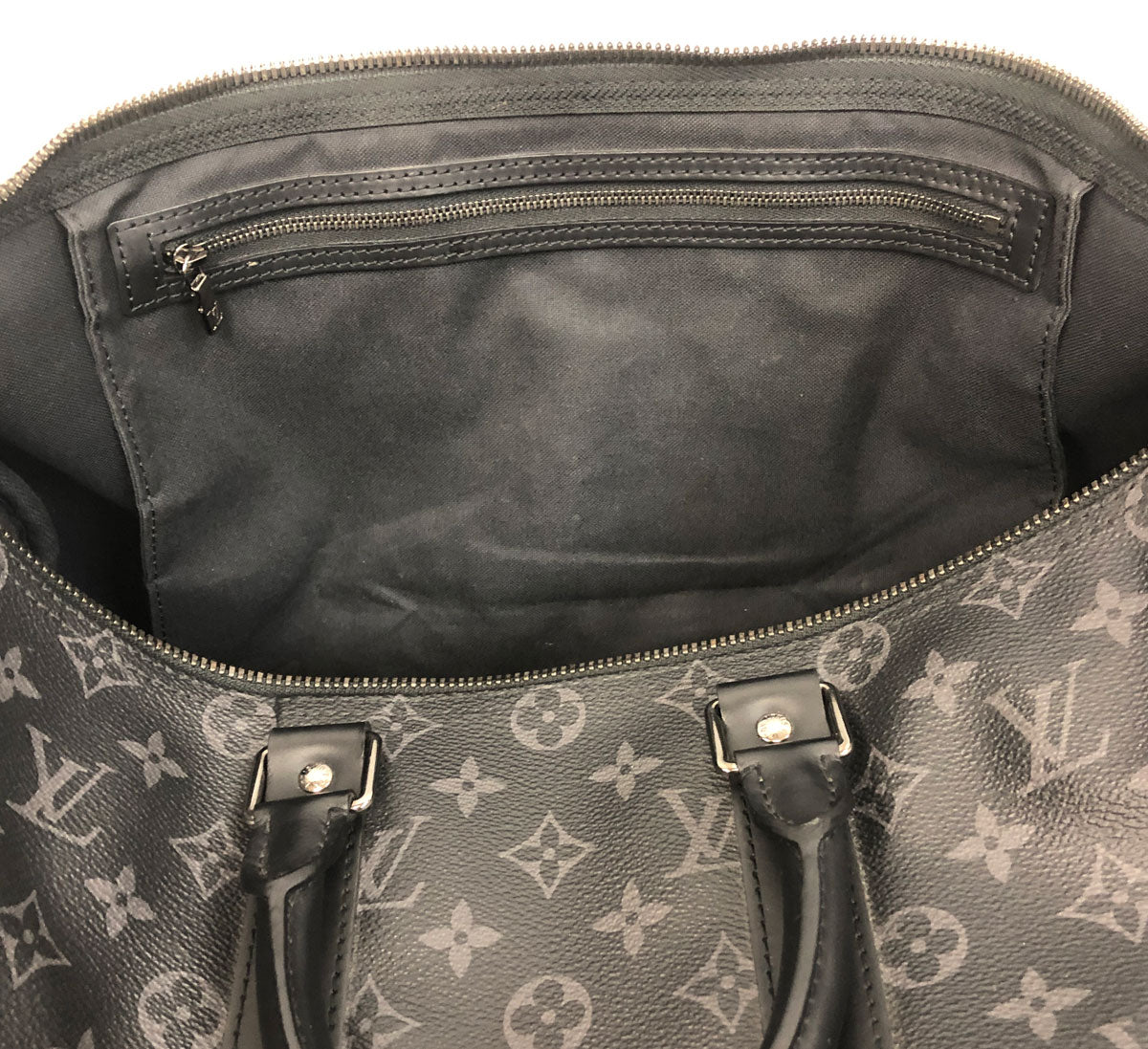 Louis Vuitton Keepall Bandouliére 45 Monogram Eclipse Canvas – Chicago  Pawners & Jewelers
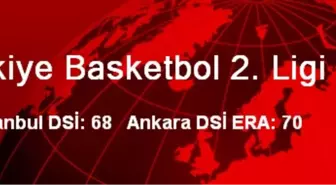 İstanbul DSİ: 68 Ankara DSİ ERA: 70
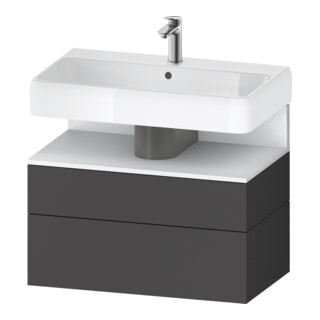 Duravit Waschtischunterschrank Qatego 79x47x59cm, w m/Gr m, 1 Kast, m Nischenb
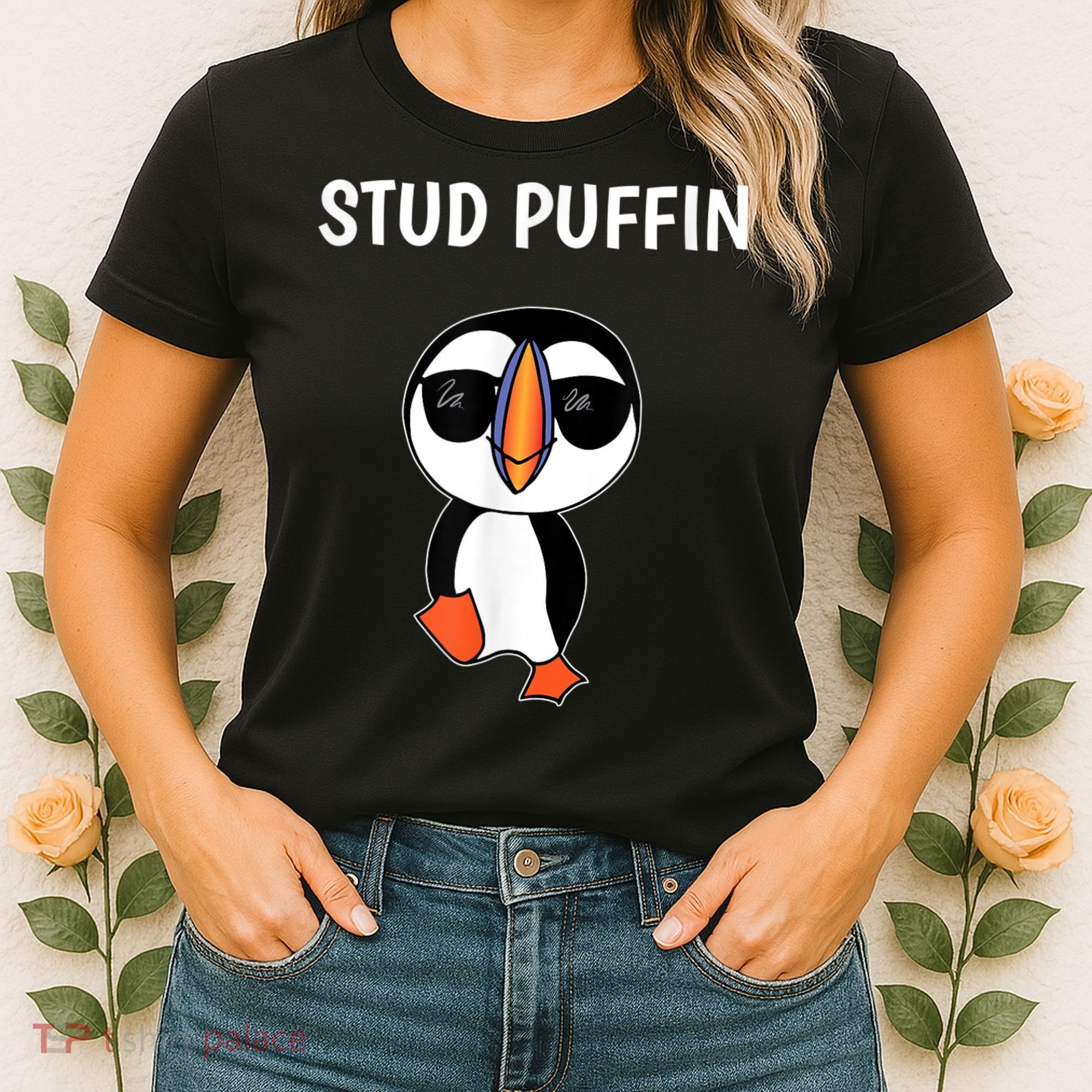 Stud Puffin Funny Bird Women's T-Shirt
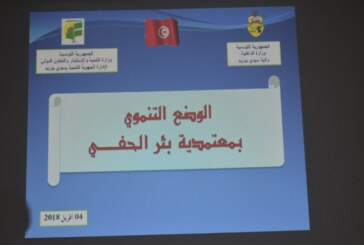 والي سيدي بوزيد يشرف على انعقاد المجلس الجهوي للتّنمية الخاص بمعتمدية بئر الحفي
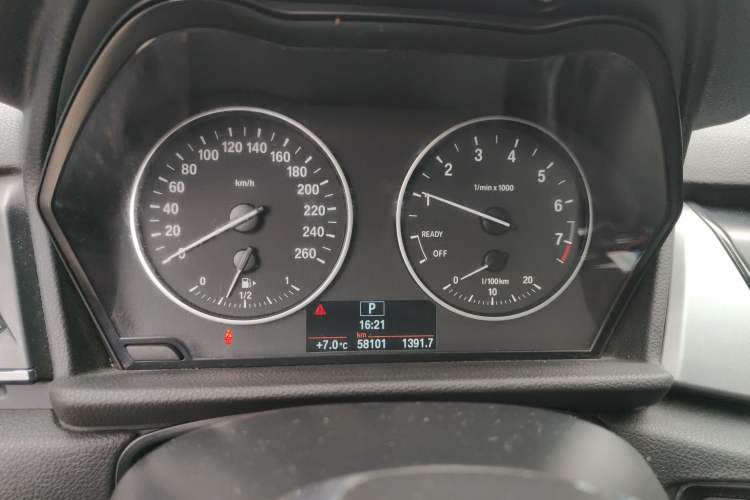 Used BMW 2 Series Active Tourer 2016 218i Leading Model Odometer Close Up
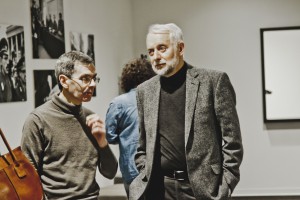 Виктор Лошак на открытии фотовыставки «Танки не взяли Вильнюс»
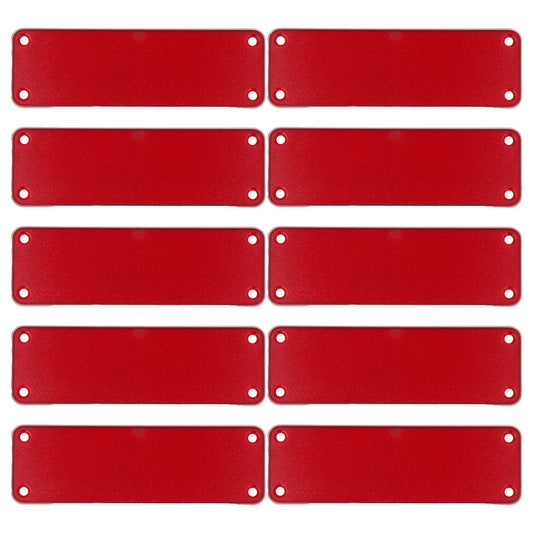Hammond 1455LPLTRD-10 1455 Series Closed Plastic Bezels/End Caps, Translucent Red, 10-pack, For 1455L Series Enclosures.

Description of the task: Transcribe the records above exactly, skipping pictures.

Problem solution:
 Louis Vuitton Keepall Bandouliére 45 Monogram Eclipse Canvas – Chicago  Pawners & Jewelers
 İstanbul DSİ: 68 Ankara DSİ ERA: 70
 Duravit Waschtischunterschrank Qatego 79x47x59cm, w m/Gr m, 1 Kast, m Nischenb
 Stud Puffin Funny Bird Women's T-Shirt
 والي سيدي بوزيد يشرف على انعقاد المجلس الجهوي للتّنمية الخاص بمعتمدية بئر الحفي
 Used BMW 2 Series Active Tourer 2016 218i Leading Model Odometer Close Up
 Виктор Лошак на открытии фотовыставки «Танки не взяли Вильнюс»
Hammond 1455LPLTRD-10 1455 Series Closed Plastic Bezels/End Caps, Translucent Red, 10-pack, For 1455L Series Enclosures.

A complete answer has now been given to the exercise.